[DATA PROVIDED — start]
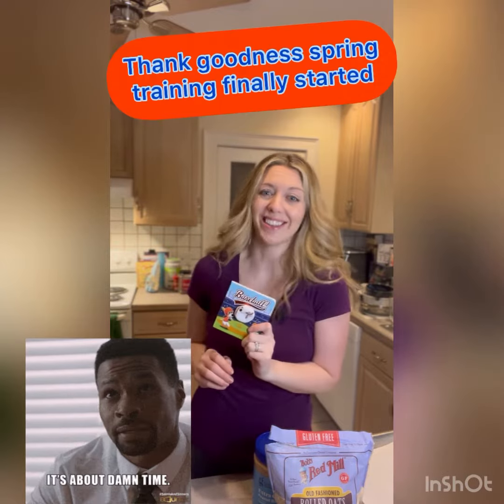Welcome back to Book Bites with Lauren where we make food inspired by books. I know I was off for a week but just like baseball, better late than never.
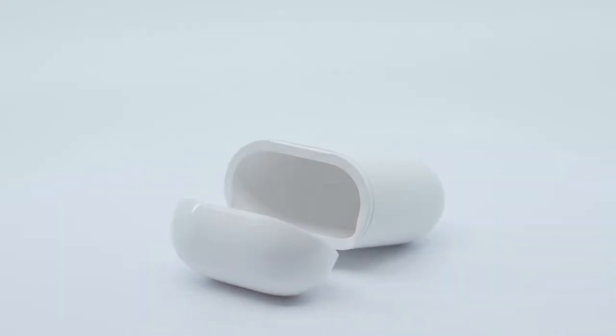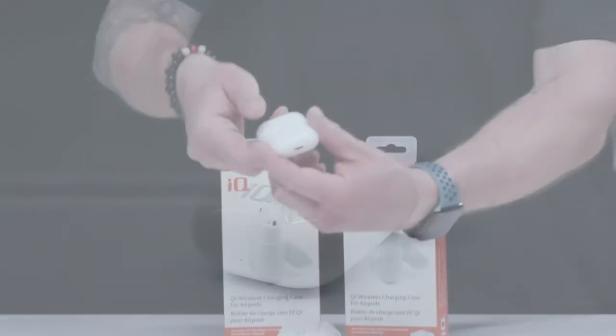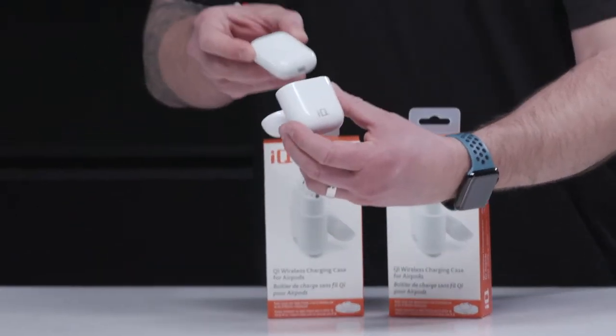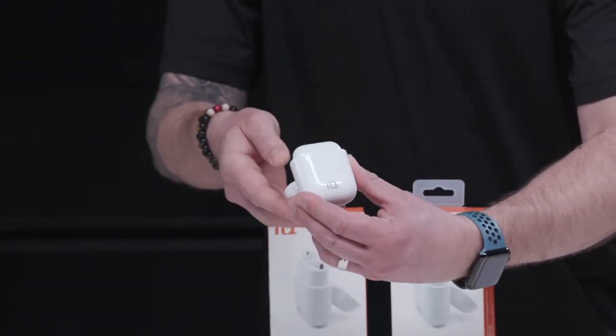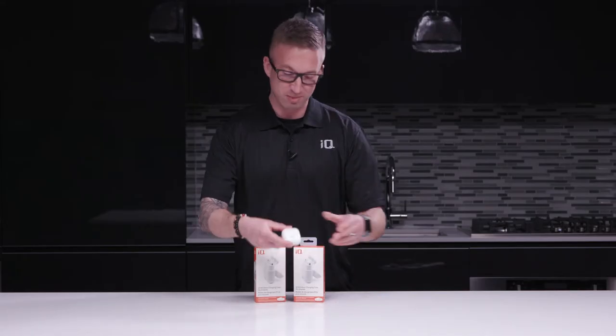Hi everybody, Chris here for iQ. Today we're going to take a quick look at the Qi wireless charging case for the original Apple AirPods. You can simply take the first-generation Apple AirPods that you know and love, put them inside the iQ Qi wireless charging case, and now your first-generation AirPods are wirelessly compatible.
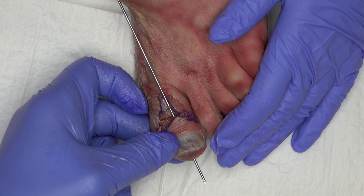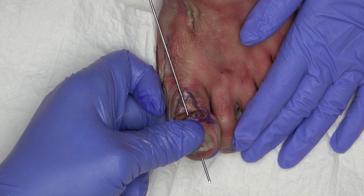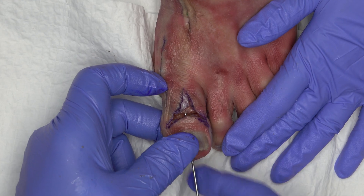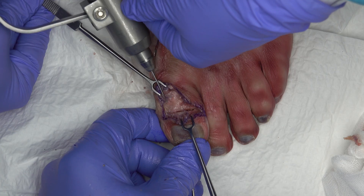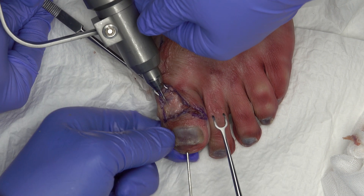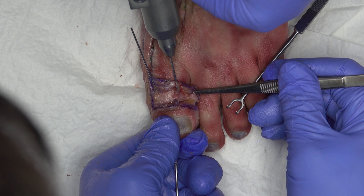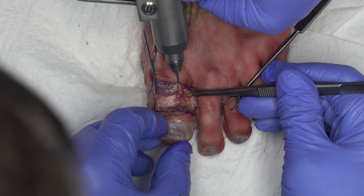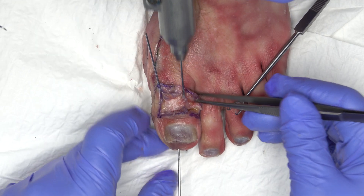In the optimal position, transfixation of the IP joint is performed with the 1.6 mm K wire, which is inserted through the trochlea deep into the shaft of the proximal phalanx. In addition, temporary fixation of the IP joint is performed with two 1.2 mm K wires. These K wires hold the position of the IP joint stable during drilling and tapping, so that the drill channel can no longer slip until the Shark Screw is inserted.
[DATA PROVIDED — finish]
### [WHAT YOU NEED TO DO]
The whole listing must be restated word for word. Leave out any pictures.

### [SOLVED EXERCISE]
Welcome back to Book Bites with Lauren where we make food inspired by books. I know I was off for a week but just like baseball, better late than never.
Hi everybody, Chris here for iQ. Today we're going to take a quick look at the Qi wireless charging case for the original Apple AirPods. You can simply take the first-generation Apple AirPods that you know and love, put them inside the iQ Qi wireless charging case, and now your first-generation AirPods are wirelessly compatible.
In the optimal position, transfixation of the IP joint is performed with the 1.6 mm K wire, which is inserted through the trochlea deep into the shaft of the proximal phalanx. In addition, temporary fixation of the IP joint is performed with two 1.2 mm K wires. These K wires hold the position of the IP joint stable during drilling and tapping, so that the drill channel can no longer slip until the Shark Screw is inserted.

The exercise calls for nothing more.